Default alerts reference
Cloud Databases integrates with IBM Cloud® Monitoring to provide visibility into the health and performance of your database instances. Monitoring and alerting helps administrators to detect issues early, respond to resource constraints, and maintain service reliability. Starting in December 2025, IBM Cloud Monitoring will automatically enable a default set of up to five critical alerts for each new and existing Cloud Databases instance when platform metrics are enabled. These alerts will monitor key resource metrics such as memory usage, disk I/O, and CPU load, and will be preconfigured to send notifications to the email of the account owner.
This guide explains the critical alerts installed for your managed database. For each alert, we outline what the metric monitors, why it matters for performance and availability, and the recommended actions to take when the alert triggers. Use this reference to proactively manage capacity, prevent capacity or settings related outages, and maintain resiliency.
Setting up monitoring
Default alerts are only installed if you integrate with IBM Cloud Monitoring to gain operational visibility into the performance and health of their applications, services, and platforms.

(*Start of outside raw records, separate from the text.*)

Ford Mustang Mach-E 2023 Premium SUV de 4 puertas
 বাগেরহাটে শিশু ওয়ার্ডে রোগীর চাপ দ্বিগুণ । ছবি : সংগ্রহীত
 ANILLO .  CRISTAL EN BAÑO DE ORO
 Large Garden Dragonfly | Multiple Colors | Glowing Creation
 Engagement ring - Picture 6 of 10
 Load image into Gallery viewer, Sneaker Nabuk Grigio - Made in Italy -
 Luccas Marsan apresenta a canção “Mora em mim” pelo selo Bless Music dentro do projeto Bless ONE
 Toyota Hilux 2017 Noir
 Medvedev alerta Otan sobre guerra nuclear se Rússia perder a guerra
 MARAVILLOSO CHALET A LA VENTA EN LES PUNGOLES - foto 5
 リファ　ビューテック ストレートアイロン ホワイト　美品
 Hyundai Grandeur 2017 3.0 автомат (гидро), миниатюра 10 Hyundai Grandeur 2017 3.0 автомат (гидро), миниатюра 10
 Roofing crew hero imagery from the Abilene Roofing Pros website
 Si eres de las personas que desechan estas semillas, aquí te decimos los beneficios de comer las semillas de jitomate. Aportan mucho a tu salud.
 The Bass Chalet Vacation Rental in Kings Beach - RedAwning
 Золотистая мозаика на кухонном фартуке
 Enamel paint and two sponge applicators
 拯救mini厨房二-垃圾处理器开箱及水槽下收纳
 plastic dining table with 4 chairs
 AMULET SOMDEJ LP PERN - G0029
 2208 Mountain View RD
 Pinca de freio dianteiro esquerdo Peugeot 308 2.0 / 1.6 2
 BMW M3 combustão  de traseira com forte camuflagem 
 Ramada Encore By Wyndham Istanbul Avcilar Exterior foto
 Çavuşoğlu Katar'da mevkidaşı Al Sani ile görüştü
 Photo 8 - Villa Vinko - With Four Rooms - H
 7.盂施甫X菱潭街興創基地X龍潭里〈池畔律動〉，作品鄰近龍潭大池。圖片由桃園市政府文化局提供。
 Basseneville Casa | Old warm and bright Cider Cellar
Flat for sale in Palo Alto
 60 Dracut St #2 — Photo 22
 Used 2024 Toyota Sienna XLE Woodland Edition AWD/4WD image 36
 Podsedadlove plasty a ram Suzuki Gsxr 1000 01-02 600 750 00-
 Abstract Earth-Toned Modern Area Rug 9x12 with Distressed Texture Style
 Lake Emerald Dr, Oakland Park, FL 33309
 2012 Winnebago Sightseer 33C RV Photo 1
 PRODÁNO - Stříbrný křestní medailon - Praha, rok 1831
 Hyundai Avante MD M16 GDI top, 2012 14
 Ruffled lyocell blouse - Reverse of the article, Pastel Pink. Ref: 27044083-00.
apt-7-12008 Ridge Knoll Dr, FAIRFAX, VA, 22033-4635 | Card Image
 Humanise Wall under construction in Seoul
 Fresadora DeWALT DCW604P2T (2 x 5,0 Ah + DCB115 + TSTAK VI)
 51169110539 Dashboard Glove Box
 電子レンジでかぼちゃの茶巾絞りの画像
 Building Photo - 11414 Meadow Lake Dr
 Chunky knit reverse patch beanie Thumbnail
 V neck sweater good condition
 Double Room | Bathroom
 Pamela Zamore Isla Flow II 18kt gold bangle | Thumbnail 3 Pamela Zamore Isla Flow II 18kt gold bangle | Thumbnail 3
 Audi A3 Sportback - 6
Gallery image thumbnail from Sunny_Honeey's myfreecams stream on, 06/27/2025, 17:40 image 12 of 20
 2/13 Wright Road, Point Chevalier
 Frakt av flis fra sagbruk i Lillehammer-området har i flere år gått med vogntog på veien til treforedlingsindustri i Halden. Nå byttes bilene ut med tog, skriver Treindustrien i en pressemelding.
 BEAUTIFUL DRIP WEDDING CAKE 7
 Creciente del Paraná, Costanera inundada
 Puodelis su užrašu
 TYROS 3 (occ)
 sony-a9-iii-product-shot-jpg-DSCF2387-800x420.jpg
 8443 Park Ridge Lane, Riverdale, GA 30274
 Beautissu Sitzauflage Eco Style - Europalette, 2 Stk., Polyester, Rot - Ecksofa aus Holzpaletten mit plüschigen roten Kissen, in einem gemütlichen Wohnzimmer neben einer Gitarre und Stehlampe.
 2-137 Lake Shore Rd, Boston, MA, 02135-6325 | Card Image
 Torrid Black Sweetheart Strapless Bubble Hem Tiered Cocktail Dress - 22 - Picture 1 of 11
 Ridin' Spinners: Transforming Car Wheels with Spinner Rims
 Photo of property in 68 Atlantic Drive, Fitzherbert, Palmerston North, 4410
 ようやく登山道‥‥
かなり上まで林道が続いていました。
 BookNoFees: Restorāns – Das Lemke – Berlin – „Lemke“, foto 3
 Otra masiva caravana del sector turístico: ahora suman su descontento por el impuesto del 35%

To begin collecting metrics for your database instance:
- Provision an instance of IBM Cloud Monitoring.
- Enable Platform metrics in the same region as your database instance.
- Access your monitoring dashboards from the IBM Cloud Monitoring section in the Cloud console under Observability.
Metrics for instances in multi-zone regions (MZRs) are available in-region. For single-zone regions (SZRs), metrics are forwarded to a designated MZR, for example che01.
For more information, see Cloud DatabasesIBM Cloud Monitoring integration.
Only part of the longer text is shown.